Cenovus Energy Inc. says its thermal oil sands operations in northern Alberta produced their one billionth barrel of bitumen on Wednesday.
The milestone comes about 18 years after Cenovus’ Foster Creek facility was launched in 2001 as the first commercial oil sands project to use steam-assisted gravity drainage technology or SAGD. Its sister project at Christina Lake began producing oil a year later.
The SAGD process involves injecting steam into the underground oil-bearing formation through a horizontal well to allow the heavy, sticky bitumen to drip into a lower parallel well and be pumped to surface.
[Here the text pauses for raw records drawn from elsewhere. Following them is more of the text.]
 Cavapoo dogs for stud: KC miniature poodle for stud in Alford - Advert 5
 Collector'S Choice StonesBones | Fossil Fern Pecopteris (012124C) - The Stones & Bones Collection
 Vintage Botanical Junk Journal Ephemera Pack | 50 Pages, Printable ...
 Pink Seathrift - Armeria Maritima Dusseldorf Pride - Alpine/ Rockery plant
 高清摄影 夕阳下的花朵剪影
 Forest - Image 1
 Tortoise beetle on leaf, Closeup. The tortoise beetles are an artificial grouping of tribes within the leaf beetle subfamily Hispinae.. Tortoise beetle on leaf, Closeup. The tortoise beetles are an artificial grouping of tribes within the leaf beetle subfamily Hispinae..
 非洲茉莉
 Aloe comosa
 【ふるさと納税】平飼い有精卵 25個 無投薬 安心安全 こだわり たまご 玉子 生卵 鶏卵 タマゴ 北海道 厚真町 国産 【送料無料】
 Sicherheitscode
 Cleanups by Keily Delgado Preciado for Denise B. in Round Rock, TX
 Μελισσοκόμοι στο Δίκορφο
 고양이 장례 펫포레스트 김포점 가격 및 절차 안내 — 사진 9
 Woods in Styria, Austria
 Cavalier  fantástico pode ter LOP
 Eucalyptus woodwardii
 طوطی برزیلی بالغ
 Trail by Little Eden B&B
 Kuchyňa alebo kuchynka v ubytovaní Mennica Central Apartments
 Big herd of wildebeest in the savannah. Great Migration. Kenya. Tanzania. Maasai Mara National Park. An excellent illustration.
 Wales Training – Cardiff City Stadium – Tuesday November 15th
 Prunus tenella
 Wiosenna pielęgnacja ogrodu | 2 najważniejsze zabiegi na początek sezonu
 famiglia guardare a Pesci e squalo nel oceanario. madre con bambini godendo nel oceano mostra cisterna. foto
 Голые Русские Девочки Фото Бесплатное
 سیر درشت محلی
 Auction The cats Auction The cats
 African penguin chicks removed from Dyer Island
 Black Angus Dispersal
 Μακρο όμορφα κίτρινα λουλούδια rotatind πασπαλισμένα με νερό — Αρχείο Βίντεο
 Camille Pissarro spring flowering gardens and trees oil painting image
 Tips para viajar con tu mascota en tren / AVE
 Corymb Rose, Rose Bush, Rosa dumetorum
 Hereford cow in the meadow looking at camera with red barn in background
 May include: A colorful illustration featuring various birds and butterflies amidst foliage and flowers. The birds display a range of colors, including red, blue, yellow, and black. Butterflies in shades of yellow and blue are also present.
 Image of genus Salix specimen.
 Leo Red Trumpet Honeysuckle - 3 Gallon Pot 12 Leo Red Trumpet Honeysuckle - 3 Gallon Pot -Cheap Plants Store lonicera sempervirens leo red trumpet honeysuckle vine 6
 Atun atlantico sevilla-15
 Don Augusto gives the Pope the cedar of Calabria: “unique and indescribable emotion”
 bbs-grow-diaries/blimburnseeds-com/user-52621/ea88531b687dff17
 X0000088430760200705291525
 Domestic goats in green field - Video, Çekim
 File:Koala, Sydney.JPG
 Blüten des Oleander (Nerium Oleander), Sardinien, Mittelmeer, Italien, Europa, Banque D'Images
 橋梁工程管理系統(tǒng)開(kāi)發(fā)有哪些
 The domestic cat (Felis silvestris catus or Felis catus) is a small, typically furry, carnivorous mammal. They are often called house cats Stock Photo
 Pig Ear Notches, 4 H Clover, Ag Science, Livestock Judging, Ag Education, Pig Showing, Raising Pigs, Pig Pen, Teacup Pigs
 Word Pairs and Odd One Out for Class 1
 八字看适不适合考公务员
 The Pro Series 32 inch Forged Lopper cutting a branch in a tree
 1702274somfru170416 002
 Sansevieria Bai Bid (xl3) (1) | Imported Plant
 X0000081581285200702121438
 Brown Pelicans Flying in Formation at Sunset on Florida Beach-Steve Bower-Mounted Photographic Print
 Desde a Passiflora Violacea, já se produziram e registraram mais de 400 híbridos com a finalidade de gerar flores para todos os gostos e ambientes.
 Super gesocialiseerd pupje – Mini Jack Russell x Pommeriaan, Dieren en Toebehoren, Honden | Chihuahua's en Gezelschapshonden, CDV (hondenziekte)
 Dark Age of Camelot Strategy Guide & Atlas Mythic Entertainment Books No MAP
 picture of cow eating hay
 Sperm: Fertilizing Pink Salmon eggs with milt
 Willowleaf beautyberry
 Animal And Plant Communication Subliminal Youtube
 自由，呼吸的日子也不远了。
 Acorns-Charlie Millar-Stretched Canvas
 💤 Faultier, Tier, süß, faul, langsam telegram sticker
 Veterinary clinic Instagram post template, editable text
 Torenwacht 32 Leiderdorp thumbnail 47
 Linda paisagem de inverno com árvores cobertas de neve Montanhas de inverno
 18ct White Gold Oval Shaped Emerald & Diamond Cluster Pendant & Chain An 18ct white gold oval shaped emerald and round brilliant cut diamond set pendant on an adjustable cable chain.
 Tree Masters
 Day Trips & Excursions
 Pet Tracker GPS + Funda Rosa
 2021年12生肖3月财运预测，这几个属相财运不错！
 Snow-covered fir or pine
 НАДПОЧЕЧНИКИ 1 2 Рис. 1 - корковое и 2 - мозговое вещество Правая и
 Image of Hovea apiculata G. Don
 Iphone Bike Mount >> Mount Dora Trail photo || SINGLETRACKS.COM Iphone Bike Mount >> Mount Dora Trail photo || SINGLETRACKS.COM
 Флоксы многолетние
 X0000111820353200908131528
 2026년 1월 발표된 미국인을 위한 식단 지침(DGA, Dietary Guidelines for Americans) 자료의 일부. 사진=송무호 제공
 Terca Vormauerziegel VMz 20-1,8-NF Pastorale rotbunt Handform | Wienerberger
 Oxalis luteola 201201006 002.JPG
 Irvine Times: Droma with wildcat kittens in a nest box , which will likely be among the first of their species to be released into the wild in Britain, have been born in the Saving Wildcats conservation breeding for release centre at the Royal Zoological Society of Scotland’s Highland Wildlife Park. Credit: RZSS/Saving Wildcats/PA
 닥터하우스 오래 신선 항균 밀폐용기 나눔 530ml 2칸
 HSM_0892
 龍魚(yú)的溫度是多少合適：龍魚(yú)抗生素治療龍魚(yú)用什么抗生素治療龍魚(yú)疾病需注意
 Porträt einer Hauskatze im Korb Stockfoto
Oil sands production had previously come mainly from strip mines, but output from new thermal projects grew quickly to exceed mining by 2012. It is expected to contribute slightly more than half of Canadian oil sands production this year.
The Canadian Association of Petroleum Producers says a total of 13.2 billion barrels of oil were produced from the oil sands between 1967 and 2018 – about seven billion barrels from mining and six billion from wells.
There’s little concern about depleting the oil sands – the National Energy Board estimates there are still 165 billion barrels of oil that can be recovered using current technologies and double that number if potential resources are included.
CAPP estimates oil sands production will reach 4.25 million barrels per day by 2035 from 2.9 million bpd in 2018, although that forecast is tempered by concerns about building pipeline export capacity.